> Scraped caption text data
▬▬▬
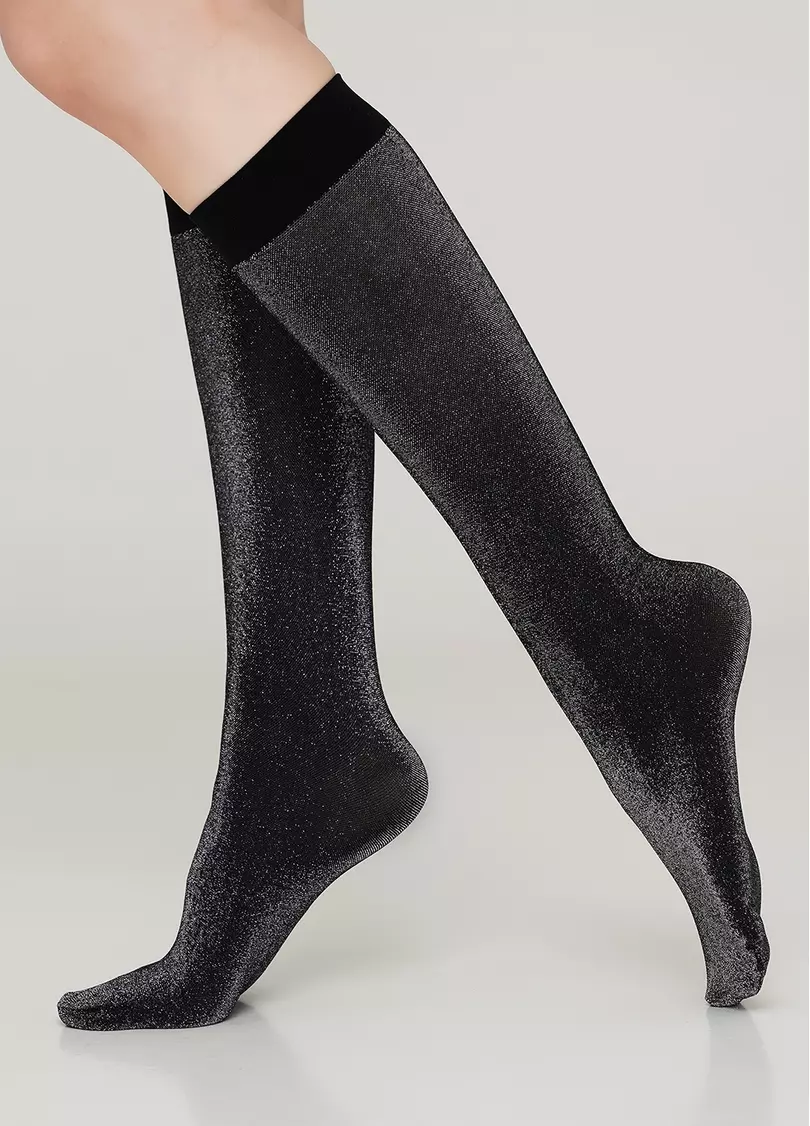 Женские гольфы с люрексом SHINY gamb dark silver metallic (серый)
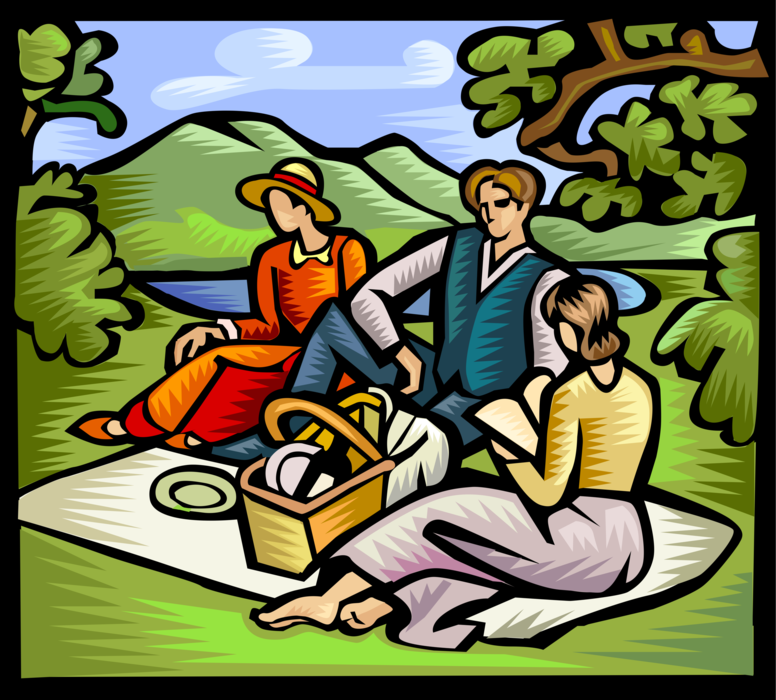 Vector Illustration of Outdoor Summer Picnic in Nature with Blanket and Food Hamper Picnic Basket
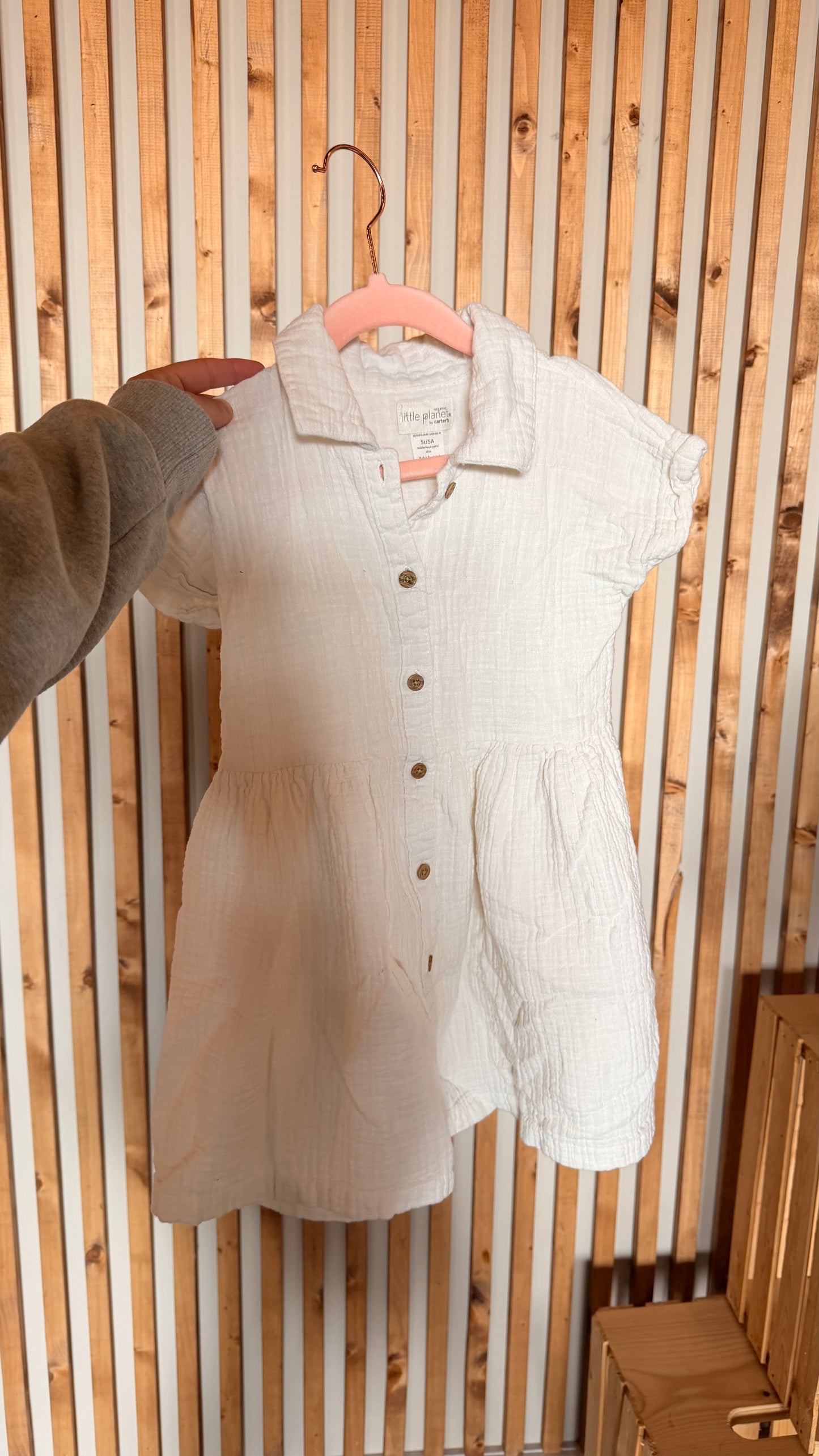MM - Consignment - Little Planet White Muslin Dress 5T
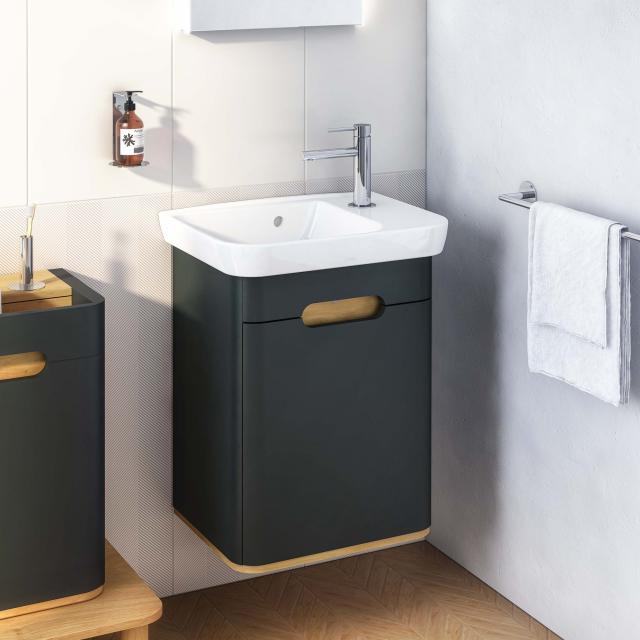 VitrA Sento Lave-mains avec meuble sous-lavabo, 1 porte Façade anthracite mat/corps du meuble anthracite mat/chêne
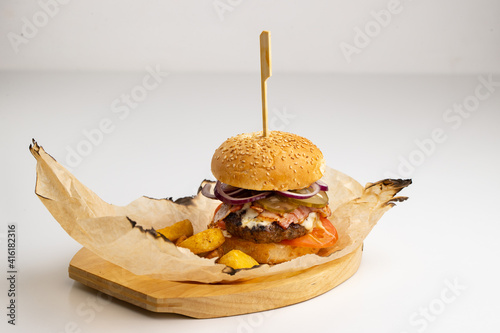 hamburger and fries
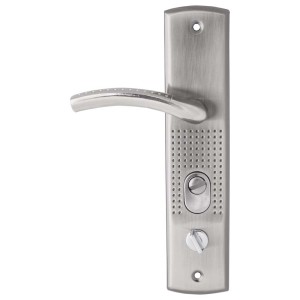 t.b.t. klamka do drzwi metalowa, szyld długi z otworem na wkładkę, kolor srebrny.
▬▬▬
> Task objective
Only the text of the records is to be reproduced exactly; skip the pictures.

> Expected answer
 Женские гольфы с люрексом SHINY gamb dark silver metallic (серый)
 Vector Illustration of Outdoor Summer Picnic in Nature with Blanket and Food Hamper Picnic Basket
MM - Consignment - Little Planet White Muslin Dress 5T
 VitrA Sento Lave-mains avec meuble sous-lavabo, 1 porte Façade anthracite mat/corps du meuble anthracite mat/chêne
 hamburger and fries
 t.b.t. klamka do drzwi metalowa, szyld długi z otworem na wkładkę, kolor srebrny.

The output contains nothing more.